Surprise : I am mixing your data
When it comes to doing SQL queries onto a relational database there is a time when this query needs to use rows from two tables to give you the rows you want. These are called “join” queries. Their purpose is to combines records from two tables, let's see how that can end up.
When it comes to doing SQL queries onto a relational database there is a time when this query needs to use rows from two tables to give you the rows you want.
These are called "join" queries. Their purpose is to combines records from two tables. The usual diagrams shows two circles intersecting : an inner join query would return you what’s common to both circles (i.e. tables), the left (outer) join would give you what’s only in the left circle, and a right (outer) join would give you what’s only in the right circle.
The trick myself and some team members walked into this week is that those queries are meant to return you a mix of the rows of the two tables. Row by row, the ones matching are mixed together and returned.
Let's see how this happen, and how to avoid it.
Note :
As this post is fairly code oriented I decided to not record an audio version of it, apologies.
Preparing the trap
Let's make a minimal setup here : two ruby classes, the Sequel gem, a MySQL host.
require 'sequel'
MYSQL_DB = Sequel.connect(adapter: ‘mysql2’, host: ‘127.0.0.1’, user: ‘root’, password: ‘password’, port: 3306, database: ‘join_test’)

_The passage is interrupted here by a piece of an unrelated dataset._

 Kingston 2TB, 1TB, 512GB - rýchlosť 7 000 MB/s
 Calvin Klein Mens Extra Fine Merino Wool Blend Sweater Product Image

class MySQLBook < Sequel::Model(MYSQL_DB[:books]); end
class MySQLChapter < Sequel::Model(MYSQL_DB[:chapters]); end
class DbSetup
attr_reader :connector
def initialize(connector)
@connector = connector
setup_db
insert_data
end
private
def setup_db
if connector.table_exists?(:chapters)
connector[:chapters].truncate
else
connector.create_table :chapters do
primary_key :id
String :name
String :text
String :published
Integer :book_id
end
end
if connector.table_exists?(:books)
connector[:books].truncate
else
connector.create_table :books do
primary_key :id
String :name
String :intro
String :published
end
end
end
def insert_data
books = connector[:books]
books.insert(name: ‘Babc’, intro: “Lorem Ipsum is simply dummy text of the printing and typesetting industry.”, published: “yes”)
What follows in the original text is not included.